続いて、高雄青年歌舞伎が始まりました。
「
与話情浮名横櫛 源氏店(よはなさけ うきなのよこぐし げんやだな)」です。
与三郎は侍の子に生まれたが、江戸元町伊豆屋の養子になっていた。ところが伊豆屋に実子が生まれたことから、家督を譲ろうと放蕩に身を持ち出し勘当を受ける。流れ着いた木更津で地元の親分源左衛門の妾
お富を見初める。与三郎とお富が忍び会っているところを源左衛門に見つかり、与三郎は総身に刀傷を受ける。お富は海に身を投げるが商船に助けられ、和泉屋の大番頭
多左衛門に囲われることになる。それから三年...
舞台はここから始まります。
場所は鎌倉の
源氏店(げんやだな)
変な名前ですが、江戸時代に実在した「玄冶店(げんやだな)」という町がモデルだそうです。「店」というのは商店ではなく、貸家のことだそうです。
お富が風呂あがりに家に戻り、和泉屋の番頭
藤八が雨宿りに来ています。
お富の髪をといている
下女およしは塾生だったIさんが演じています(上手だったよー)

藤八はなんとかお富に近づこうと、家の中をウロウロ。
白粉(おしろい)が好きだと言って、顔に塗ってもらったりします。

軽くあしらうお富。

藤八の表情やセリフがとっても楽しいです。
そこへ、頬に蝙蝠(コウモリ)の入れ墨のある、地元のゴロツキ
蝙蝠の安が与三郎を引き連れやってきます。
連れの傷の養生代だと言ってお富を強請りますが、最初は断っていたお富も最後には一分を投げてやります。(一分は一両の四分の一)

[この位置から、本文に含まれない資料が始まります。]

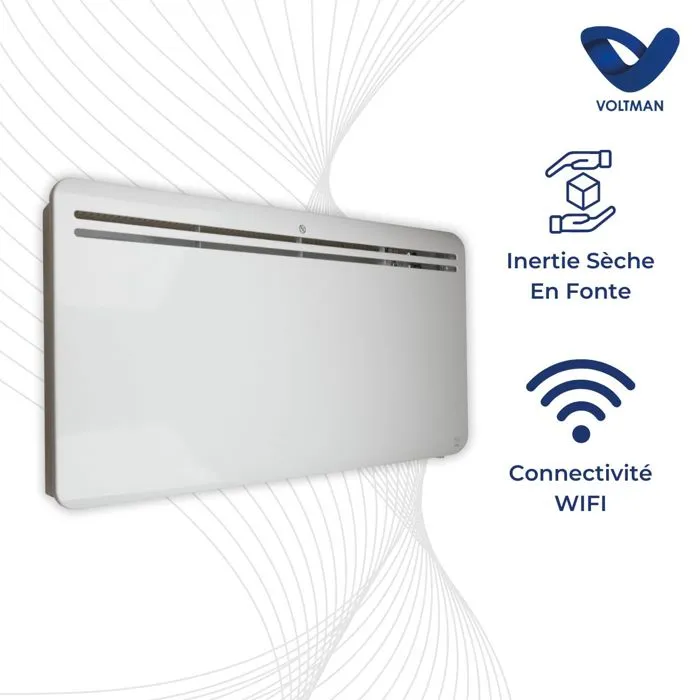 Voltman Wi-Fi Connected Dry Cast Iron Inertia Heater - White - 2000W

これで引き下がろうとする蝙蝠安ですが、何を思ったか与三郎はそれを押しとどめます。

与三郎は気づいたのです。あれは、死んだはずだったお富じゃないかと。
ここから、与三郎の名セリフが続きます。
客席からも「たっぷりっ!」と声がかかります。
与:え、御新造さんぇ、おかみさんぇ、お富さんぇ、
いやさ、これ、お富、久しぶりだなぁ。
富:そういうお前は。
与:与三郎だ。
富:えぇっ。
与:お主ゃぁ、おれを見忘れたか。
富:えええ。
与:しがねぇ恋の情けが仇
命の綱の切れたのを
どう取り留めてか 木更津から
めぐる月日も三年(みとせ)越し
江戸の親にやぁ勘当うけ
拠所(よんどころ)なく鎌倉の
谷七郷(やつしちごう)は喰い詰めても
面(つら)に受けたる看板の
疵(きず)が勿怪(もっけ)の幸いに
切られ与三と異名を取り
押借り強請りも習おうより
慣れた時代(じでえ)の源氏店
その白化けか黒塀に
格子造りの囲いもの
死んだと思ったお富たぁ
お釈迦さまでも気がつくめぇ
よくまぁお主ゃぁ 達者でいたなぁ
安やい これじゃぁ一分じゃぁ
帰(けぇ)られめぇじゃねぇか。
七五調が心地よいですね。
ここで春日八郎の「お富さん」の一節
「死んだはずだよ お富さん 生きていたとは お釈迦さまでも 知らぬ仏の お富さん エッサオー 源氏店(げんやだな)」
2番の「これで一分はお富さん エッサオー すまされめえ」
私にとってほぼ半世紀ぶりに(笑)、やっとこの歌詞の意味が分かりました。
お富は囲われてはいるが決してやましいことはなく、お前を忘れたことはないと語りますが与三郎は信じません。
そこへ多左衛門が帰ってきます。

蝙蝠安は親の代から多左衛門に世話になっているので縮み上がります。

多左衛門から与三郎との関係を聞かれたお富は、とっさに「兄さん」だと話してしまいます。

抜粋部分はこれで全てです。